*What the task requires:* The response must consist of the lines below from the one with "Solenoid 24 Vdc Log Max RE613069" through the one with "日本・別府「(2023.5)長崎・熊本・大分・福岡旅行」の写真", exactly as they appear and with both ends kept.

*Input data:*
§
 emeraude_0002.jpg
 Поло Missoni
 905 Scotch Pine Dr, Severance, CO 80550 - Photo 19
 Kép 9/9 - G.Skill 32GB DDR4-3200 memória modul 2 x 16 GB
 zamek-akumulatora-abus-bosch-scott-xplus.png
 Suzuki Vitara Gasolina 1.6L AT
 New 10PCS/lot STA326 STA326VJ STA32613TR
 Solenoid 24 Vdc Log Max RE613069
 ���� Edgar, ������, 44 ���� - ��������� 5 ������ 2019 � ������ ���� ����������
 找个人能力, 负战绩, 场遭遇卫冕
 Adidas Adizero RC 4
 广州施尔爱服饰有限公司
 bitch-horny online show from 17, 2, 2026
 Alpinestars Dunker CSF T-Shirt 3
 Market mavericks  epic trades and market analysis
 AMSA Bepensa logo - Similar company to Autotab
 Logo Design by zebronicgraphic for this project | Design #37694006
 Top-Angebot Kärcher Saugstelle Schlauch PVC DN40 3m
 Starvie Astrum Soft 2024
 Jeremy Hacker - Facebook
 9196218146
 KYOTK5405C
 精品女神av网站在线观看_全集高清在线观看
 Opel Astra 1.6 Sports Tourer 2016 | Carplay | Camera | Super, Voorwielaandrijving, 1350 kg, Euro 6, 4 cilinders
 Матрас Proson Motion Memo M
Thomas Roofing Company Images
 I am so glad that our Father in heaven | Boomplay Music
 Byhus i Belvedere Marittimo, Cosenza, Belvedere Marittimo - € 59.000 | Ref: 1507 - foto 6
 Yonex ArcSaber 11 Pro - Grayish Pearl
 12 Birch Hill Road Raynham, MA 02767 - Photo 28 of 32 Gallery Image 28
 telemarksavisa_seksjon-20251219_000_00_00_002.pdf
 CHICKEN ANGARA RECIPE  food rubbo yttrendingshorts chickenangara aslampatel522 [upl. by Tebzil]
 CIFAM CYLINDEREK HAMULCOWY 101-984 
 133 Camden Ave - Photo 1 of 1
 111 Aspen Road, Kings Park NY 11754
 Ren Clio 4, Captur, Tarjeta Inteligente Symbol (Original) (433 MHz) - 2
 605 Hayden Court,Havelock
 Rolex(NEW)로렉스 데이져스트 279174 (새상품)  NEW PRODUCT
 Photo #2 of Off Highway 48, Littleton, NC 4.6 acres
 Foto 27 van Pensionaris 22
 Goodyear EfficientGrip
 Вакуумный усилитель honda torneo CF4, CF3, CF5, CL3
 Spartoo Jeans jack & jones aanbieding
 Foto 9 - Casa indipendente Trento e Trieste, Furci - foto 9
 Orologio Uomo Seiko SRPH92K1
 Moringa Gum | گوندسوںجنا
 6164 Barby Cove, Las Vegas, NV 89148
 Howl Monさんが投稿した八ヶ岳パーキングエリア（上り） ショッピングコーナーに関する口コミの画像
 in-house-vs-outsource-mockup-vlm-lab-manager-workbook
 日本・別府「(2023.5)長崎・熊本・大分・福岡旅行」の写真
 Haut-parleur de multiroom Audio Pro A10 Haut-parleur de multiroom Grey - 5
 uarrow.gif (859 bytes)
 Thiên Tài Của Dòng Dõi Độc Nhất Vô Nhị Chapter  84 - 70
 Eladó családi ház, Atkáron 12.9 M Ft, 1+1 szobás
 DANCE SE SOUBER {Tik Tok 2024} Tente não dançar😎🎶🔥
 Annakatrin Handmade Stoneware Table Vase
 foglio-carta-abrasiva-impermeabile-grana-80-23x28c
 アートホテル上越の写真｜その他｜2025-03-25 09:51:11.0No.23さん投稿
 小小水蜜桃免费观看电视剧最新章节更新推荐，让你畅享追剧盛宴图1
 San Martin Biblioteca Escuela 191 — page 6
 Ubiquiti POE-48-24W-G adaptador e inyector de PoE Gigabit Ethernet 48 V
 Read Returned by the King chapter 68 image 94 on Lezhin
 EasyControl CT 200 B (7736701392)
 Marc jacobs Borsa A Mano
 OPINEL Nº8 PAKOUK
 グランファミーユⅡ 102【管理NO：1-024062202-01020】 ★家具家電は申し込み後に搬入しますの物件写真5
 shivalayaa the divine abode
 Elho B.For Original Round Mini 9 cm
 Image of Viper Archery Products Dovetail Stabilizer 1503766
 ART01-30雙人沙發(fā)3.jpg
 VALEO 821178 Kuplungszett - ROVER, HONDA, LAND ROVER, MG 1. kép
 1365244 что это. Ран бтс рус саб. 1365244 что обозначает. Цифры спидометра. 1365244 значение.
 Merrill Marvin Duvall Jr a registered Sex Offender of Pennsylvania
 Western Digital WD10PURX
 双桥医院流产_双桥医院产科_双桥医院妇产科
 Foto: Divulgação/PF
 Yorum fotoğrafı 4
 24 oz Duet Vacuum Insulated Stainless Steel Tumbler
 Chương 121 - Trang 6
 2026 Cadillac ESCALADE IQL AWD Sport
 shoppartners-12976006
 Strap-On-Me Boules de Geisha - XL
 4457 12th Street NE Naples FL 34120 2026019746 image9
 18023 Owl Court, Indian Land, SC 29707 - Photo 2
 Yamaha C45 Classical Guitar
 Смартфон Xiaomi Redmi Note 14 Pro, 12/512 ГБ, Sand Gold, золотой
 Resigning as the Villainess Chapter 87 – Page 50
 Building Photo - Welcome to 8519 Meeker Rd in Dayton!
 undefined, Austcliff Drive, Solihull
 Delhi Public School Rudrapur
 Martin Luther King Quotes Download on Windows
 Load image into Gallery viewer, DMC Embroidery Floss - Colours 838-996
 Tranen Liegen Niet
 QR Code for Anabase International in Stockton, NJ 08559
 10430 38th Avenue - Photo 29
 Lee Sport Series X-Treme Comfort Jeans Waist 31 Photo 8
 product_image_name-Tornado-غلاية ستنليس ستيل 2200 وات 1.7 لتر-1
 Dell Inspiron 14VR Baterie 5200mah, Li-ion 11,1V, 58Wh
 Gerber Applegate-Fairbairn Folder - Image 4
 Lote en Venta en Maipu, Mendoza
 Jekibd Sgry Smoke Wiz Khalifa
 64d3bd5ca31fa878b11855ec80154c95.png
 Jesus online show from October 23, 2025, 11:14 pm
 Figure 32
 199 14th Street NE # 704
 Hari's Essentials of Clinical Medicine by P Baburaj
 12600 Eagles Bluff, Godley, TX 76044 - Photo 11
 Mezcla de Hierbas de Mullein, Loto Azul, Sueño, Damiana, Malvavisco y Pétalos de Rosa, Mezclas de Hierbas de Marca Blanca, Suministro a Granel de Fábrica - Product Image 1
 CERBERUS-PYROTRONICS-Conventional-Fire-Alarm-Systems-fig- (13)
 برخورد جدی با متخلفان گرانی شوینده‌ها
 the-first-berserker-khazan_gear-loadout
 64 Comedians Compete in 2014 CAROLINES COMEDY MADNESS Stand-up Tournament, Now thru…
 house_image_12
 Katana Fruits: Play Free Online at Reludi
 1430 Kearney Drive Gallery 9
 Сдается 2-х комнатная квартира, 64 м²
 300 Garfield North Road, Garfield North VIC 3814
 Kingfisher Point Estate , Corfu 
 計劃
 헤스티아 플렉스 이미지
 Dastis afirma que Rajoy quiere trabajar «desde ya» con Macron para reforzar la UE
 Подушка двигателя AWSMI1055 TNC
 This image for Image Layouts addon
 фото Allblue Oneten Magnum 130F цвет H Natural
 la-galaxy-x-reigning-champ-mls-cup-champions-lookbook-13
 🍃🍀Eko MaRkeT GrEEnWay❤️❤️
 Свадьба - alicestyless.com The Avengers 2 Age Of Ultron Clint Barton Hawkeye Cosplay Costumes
§
*Worked solution:*
 Solenoid 24 Vdc Log Max RE613069
 ���� Edgar, ������, 44 ���� - ��������� 5 ������ 2019 � ������ ���� ����������
 找个人能力, 负战绩, 场遭遇卫冕
 Adidas Adizero RC 4
 广州施尔爱服饰有限公司
 bitch-horny online show from 17, 2, 2026
 Alpinestars Dunker CSF T-Shirt 3
 Market mavericks  epic trades and market analysis
 AMSA Bepensa logo - Similar company to Autotab
 Logo Design by zebronicgraphic for this project | Design #37694006
 Top-Angebot Kärcher Saugstelle Schlauch PVC DN40 3m
 Starvie Astrum Soft 2024
 Jeremy Hacker - Facebook
 9196218146
 KYOTK5405C
 精品女神av网站在线观看_全集高清在线观看
 Opel Astra 1.6 Sports Tourer 2016 | Carplay | Camera | Super, Voorwielaandrijving, 1350 kg, Euro 6, 4 cilinders
 Матрас Proson Motion Memo M
Thomas Roofing Company Images
 I am so glad that our Father in heaven | Boomplay Music
 Byhus i Belvedere Marittimo, Cosenza, Belvedere Marittimo - € 59.000 | Ref: 1507 - foto 6
 Yonex ArcSaber 11 Pro - Grayish Pearl
 12 Birch Hill Road Raynham, MA 02767 - Photo 28 of 32 Gallery Image 28
 telemarksavisa_seksjon-20251219_000_00_00_002.pdf
 CHICKEN ANGARA RECIPE  food rubbo yttrendingshorts chickenangara aslampatel522 [upl. by Tebzil]
 CIFAM CYLINDEREK HAMULCOWY 101-984 
 133 Camden Ave - Photo 1 of 1
 111 Aspen Road, Kings Park NY 11754
 Ren Clio 4, Captur, Tarjeta Inteligente Symbol (Original) (433 MHz) - 2
 605 Hayden Court,Havelock
 Rolex(NEW)로렉스 데이져스트 279174 (새상품)  NEW PRODUCT
 Photo #2 of Off Highway 48, Littleton, NC 4.6 acres
 Foto 27 van Pensionaris 22
 Goodyear EfficientGrip
 Вакуумный усилитель honda torneo CF4, CF3, CF5, CL3
 Spartoo Jeans jack & jones aanbieding
 Foto 9 - Casa indipendente Trento e Trieste, Furci - foto 9
 Orologio Uomo Seiko SRPH92K1
 Moringa Gum | گوندسوںجنا
 6164 Barby Cove, Las Vegas, NV 89148
 Howl Monさんが投稿した八ヶ岳パーキングエリア（上り） ショッピングコーナーに関する口コミの画像
 in-house-vs-outsource-mockup-vlm-lab-manager-workbook
 日本・別府「(2023.5)長崎・熊本・大分・福岡旅行」の写真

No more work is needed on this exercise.